**Prompt**
The answer is to be an exact copy of the lines below running from the line with "Geoffrey-Chaucer-and-the-Poetics-of-Disguise" down to the line with "Bộ điều khiển", both ends included, and nothing more.

Stored items from a collection:
● ● ● ● ● ● ●
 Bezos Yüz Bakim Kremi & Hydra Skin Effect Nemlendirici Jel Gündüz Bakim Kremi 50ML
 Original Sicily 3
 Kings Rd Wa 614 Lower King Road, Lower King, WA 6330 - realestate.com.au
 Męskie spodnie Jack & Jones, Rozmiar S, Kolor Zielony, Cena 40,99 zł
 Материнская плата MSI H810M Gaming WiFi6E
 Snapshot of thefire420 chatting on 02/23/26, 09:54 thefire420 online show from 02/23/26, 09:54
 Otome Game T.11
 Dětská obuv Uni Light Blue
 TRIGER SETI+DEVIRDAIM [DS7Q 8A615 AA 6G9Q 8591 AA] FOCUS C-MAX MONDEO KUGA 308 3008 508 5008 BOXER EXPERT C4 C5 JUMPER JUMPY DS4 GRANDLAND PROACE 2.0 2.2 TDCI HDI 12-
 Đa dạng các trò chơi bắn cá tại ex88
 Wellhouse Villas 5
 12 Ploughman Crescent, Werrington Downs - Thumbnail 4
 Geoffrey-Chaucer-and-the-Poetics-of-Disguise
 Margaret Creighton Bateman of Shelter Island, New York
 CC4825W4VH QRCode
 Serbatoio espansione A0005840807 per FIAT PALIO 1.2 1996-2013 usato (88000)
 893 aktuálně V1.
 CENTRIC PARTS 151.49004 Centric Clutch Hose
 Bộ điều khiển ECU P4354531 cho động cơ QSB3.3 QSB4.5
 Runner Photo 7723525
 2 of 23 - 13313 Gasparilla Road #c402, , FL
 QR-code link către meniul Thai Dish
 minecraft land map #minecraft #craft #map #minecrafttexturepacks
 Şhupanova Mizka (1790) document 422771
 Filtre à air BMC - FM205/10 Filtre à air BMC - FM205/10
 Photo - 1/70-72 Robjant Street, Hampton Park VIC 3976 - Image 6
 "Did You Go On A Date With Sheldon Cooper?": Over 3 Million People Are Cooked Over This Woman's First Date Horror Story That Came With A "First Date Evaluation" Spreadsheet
● ● ● ● ● ● ●
**Exercise solution**
 Geoffrey-Chaucer-and-the-Poetics-of-Disguise
 Margaret Creighton Bateman of Shelter Island, New York
 CC4825W4VH QRCode
 Serbatoio espansione A0005840807 per FIAT PALIO 1.2 1996-2013 usato (88000)
 893 aktuálně V1.
 CENTRIC PARTS 151.49004 Centric Clutch Hose
 Bộ điều khiển ECU P4354531 cho động cơ QSB3.3 QSB4.5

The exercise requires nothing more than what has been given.